Changes in Dividend Allowances
The current system allows for directors and shareholders to receive the first £5,000 of dividends as tax-free. This is a sizeable perk for those involved and should definitely be taken advantage of, providing that the company is profitable! As with other allowances, this does not carry forward so if you have the opportunity to take it, please do!
There are no changes in dividend tax rates as this fiscal year closes and remain at:
- Basic rate pays 7.5%
- Higher rate pays 32.5%
- Additional rate pays 38.1%
Something else to take note of is that 2017/18 is the last year in which the £5,000 will be available. The Chancellor recently announced in the Spring Budget that the current annual dividend allowance would be reduced to £2,000, effective 6th April 2018.

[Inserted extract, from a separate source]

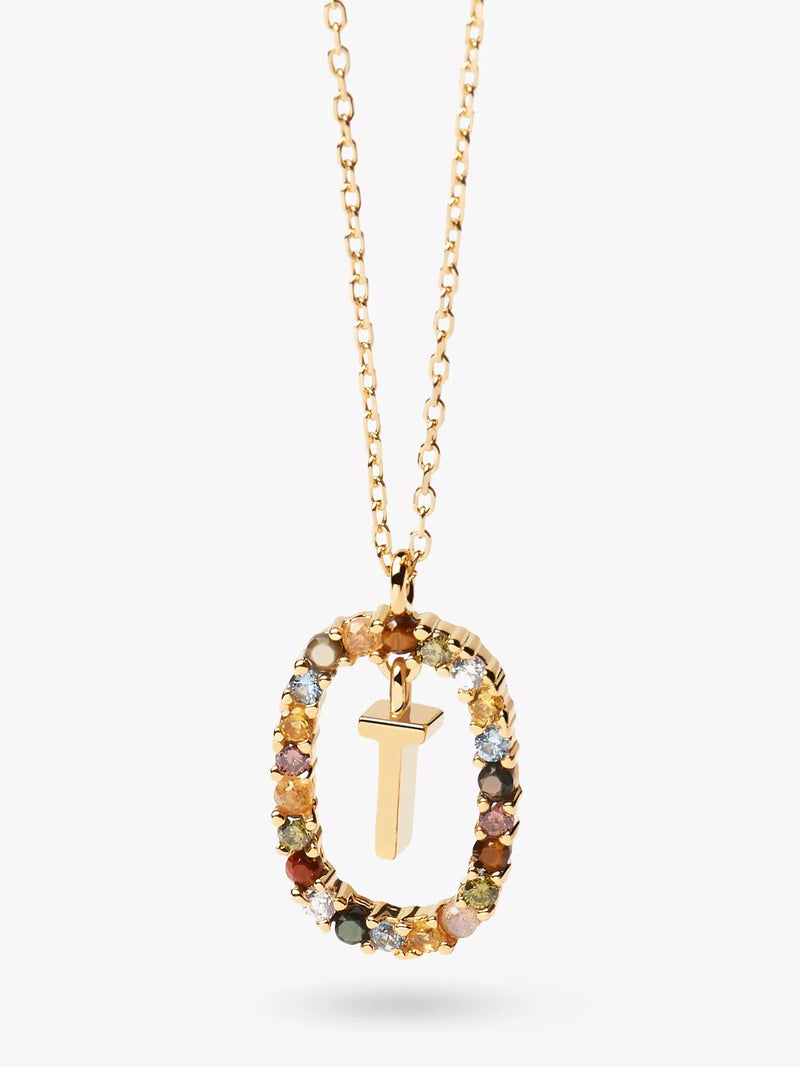 PDPAOLA Alphabet Initial Crystal Pendant Necklace Gold/Multi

Further information is available directly from the Government website below:
Financial tax relief for Landlords
There are also changes underfoot for residential landlords. To date, landlords have been able to claim relief for finance costs (eg mortgage interest) on their let properties, allowing tax relief at higher and additional rates for those falling into those bands. From April 2017, this will no longer be the case – with relief being capped at basic rate (20%).
In this situation, the landlords are also increasing their net property profit (by having less claimable expenses) and therefore are also increasing their total taxable income. If you are close to tax band thresholds, it would be worthwhile checking with your accountant that you haven’t been pushed into the next band – particularly if you are in receipt of certain benefits.

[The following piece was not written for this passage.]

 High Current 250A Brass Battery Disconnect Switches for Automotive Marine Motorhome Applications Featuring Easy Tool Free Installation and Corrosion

The change is being staggered over the next 4 fiscal years:
- 2017/18 – the deduction from property income will be restricted to 75% of finance costs with the remaining 25% available at the basic rate.
- 2018/19 – 50% of finance costs available for full tax relief and the remaining 50% available at the basic rate.

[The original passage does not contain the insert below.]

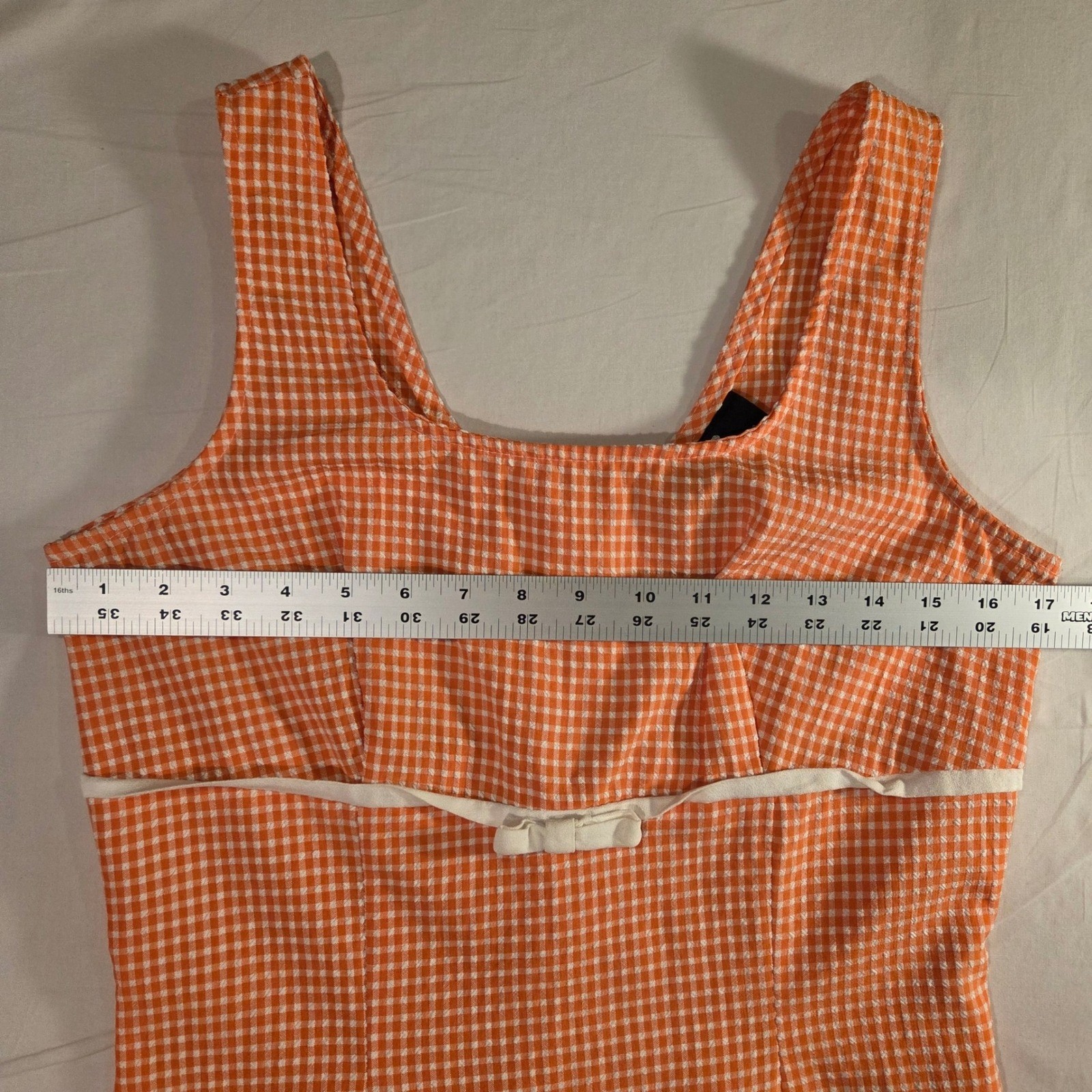 Vintage IZ California Gingham Sleeveless Mini Dress Juniors Size 9 Orange White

- 2019/20 – 25% of finance costs available for full tax relief and the remaining 75% available at the basic rate.
- 2020/21 – all financing costs incurred by a landlord will be given as basic rate tax reduction.
Further information and worked case examples can be found in the GOV.UK guidance notes for the topic:
Changes in Wear & Tear Allowances
It turns out that the Chancellor really isn’t keen on allowances – though this one is from his predecessor! As of April 2016, residential landlords are no longer able to claim the wear & tear allowance against their property income. For those unaware, the wear & tear allowance was provided for those lets in which furnishings were provided, allowing roughly 10% of net rental income as tax relief.
It has been replaced by a system where residential landlords can deduct only the actual costs incurred on replacing furnishings within a tax year (this was previously disallowed).
Moving Tax into the Digital Age
Some positive news comes in the abolition of the paper-based tax return. The government is planning to move businesses, self-employed and landlords over to the new digital service in a staggered approach over the next 4 years:
- April 2018 if they have profits chargeable to Income Tax and pay Class 4 National Insurance contributions (NICs) and their turnovers are in excess of the VAT threshold
- April 2019 if they have profits chargeable to Income Tax and pay Class 4 NICs and their turnovers are below the VAT threshold
- April 2019 if they are registered for and pay VAT
- from April 2020 if they pay Corporation Tax (CT)
Those with turnovers below £10,000 will be exempt from these requirements, though it is believed the new digital service will make the whole process simpler for all parties.
The aim is to reduce the amount of avoidable errors that come about from manual tax returns. In doing so, the Treasury hopes to reduce the value of tax lost, business costs, and the inevitable uncertainty and concern raised when HMRC have to get involved to correct errors.